In the small and medium-sized enterprise (SME) segment, MYOB had a leading 60% market share, or 1.2 million customers.
However, the majority of those customers used desktop products and about 600,000 paid MYOB no recurring fees.
Annual business failures and formations created market churn of about 10% a year, driving the adoption of cloud-based products he said.
As competitors gained market share, Morningstar expected MYOB’s total SME customer base to shrink by about 2% a year during the next five years.
Most MYOB desktop customers were likely to move to MYOB cloud products as a result of brand loyalty, product familiarity and integration with business processes, driving paying-customer growth of about 5% a year, Mr James said.

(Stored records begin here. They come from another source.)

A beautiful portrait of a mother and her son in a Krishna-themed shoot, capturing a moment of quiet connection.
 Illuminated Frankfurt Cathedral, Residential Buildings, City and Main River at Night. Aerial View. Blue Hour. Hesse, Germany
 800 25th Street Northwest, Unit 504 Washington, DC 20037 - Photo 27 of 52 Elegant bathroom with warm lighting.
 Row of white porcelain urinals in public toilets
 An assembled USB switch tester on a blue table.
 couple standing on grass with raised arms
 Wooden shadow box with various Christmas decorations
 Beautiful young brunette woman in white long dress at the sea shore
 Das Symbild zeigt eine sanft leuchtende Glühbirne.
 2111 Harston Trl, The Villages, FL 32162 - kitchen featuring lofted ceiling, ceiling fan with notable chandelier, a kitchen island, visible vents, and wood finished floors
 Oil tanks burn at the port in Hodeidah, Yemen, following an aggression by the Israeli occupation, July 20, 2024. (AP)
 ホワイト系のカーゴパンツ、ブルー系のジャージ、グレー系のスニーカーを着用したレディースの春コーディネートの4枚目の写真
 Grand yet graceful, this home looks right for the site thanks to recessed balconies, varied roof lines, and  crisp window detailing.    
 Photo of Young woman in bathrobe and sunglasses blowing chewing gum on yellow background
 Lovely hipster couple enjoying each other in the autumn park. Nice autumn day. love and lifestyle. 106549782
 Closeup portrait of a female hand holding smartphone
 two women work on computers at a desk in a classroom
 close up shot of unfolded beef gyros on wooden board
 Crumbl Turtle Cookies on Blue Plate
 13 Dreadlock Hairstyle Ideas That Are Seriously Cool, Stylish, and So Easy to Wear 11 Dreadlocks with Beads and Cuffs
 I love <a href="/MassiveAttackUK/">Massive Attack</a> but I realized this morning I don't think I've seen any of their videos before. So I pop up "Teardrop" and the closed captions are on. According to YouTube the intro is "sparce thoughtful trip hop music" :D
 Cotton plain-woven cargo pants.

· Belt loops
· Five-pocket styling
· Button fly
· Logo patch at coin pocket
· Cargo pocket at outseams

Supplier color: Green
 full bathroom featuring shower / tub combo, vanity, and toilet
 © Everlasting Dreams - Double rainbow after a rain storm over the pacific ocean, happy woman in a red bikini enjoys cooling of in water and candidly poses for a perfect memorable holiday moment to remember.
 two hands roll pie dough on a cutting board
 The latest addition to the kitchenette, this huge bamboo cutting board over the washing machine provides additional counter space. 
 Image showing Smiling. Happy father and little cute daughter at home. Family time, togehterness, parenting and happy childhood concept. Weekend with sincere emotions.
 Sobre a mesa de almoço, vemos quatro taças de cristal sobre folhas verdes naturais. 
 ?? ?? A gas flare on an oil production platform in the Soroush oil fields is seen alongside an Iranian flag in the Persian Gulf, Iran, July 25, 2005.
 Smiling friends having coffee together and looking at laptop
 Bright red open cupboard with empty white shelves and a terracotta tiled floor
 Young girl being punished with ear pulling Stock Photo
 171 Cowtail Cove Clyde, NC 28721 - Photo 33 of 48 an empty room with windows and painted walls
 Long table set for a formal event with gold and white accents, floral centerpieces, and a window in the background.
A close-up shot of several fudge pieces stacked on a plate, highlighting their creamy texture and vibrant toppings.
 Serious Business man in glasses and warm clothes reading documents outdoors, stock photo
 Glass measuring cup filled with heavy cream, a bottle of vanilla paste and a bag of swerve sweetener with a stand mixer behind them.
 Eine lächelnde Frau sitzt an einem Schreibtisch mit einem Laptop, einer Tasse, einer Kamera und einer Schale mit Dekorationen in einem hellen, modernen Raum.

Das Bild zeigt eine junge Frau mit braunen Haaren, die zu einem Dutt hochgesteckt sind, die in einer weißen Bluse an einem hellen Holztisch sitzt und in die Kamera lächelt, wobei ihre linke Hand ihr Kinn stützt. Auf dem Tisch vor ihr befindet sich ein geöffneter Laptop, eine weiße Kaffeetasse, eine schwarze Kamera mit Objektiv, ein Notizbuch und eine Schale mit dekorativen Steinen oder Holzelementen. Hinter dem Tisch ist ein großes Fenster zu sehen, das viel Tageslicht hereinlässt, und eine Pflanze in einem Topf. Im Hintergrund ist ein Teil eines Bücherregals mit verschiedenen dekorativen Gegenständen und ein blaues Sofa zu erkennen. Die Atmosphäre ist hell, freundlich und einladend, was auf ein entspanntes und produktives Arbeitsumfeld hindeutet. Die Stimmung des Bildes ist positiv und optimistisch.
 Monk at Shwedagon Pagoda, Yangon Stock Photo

"We expect MYOB’s strong brand and proven track record to be key factors driving customers’ decisions regarding cloud products, particularly as client data is hosted remotely, connects with bank accounts and is a key component of business administration."
Morningstar had increased its fair value on MYOB by 3% to $A4.05 ($NZ4.48) per share following the announcement the company intended to buy Reckon’s practice management division for $A180million.
MYOB was thought to be paying slightly below a fair price for the business, although much of the value could only be realised by MYOB, due to its ability to extract cost and revenue synergies.
The transaction was expected to be approved by the Australian Competition and Consumer Commission and the New Zealand Commerce Commission, Mr James said.
Competition had increased significantly in the Australian and New Zealand accounting software markets in recent years as the emergence of cloud-based software had increased overseas providers’ ability to compete and had enabled the rise of Xero as a competitor.
New Zealand’s Xero recently announced it would delist from the NZX and have a sole listing on the ASX.
WHAT THEY’RE SAYING
THE BULLS SAY
• MYOB is experiencing strong growth in its small-business, cloud-based product segments.
• More than 90% of MYOB’s revenue is of a recurring nature and comes from customers who have been with the company for more than two years.
• MYOB has a high degree of operating leverage and earnings growth typically exceeds revenue growth.
THE BEARS SAY
• Xero developed an early mover advantage with its cloud products, enabling it to grow quickly and win market share.
• The number of small businesses and accounting firms in Australia is reasonably stable.
• MYOB’s strong position in the accounting practice management segment acts as a strategic advantage and supports its SME business.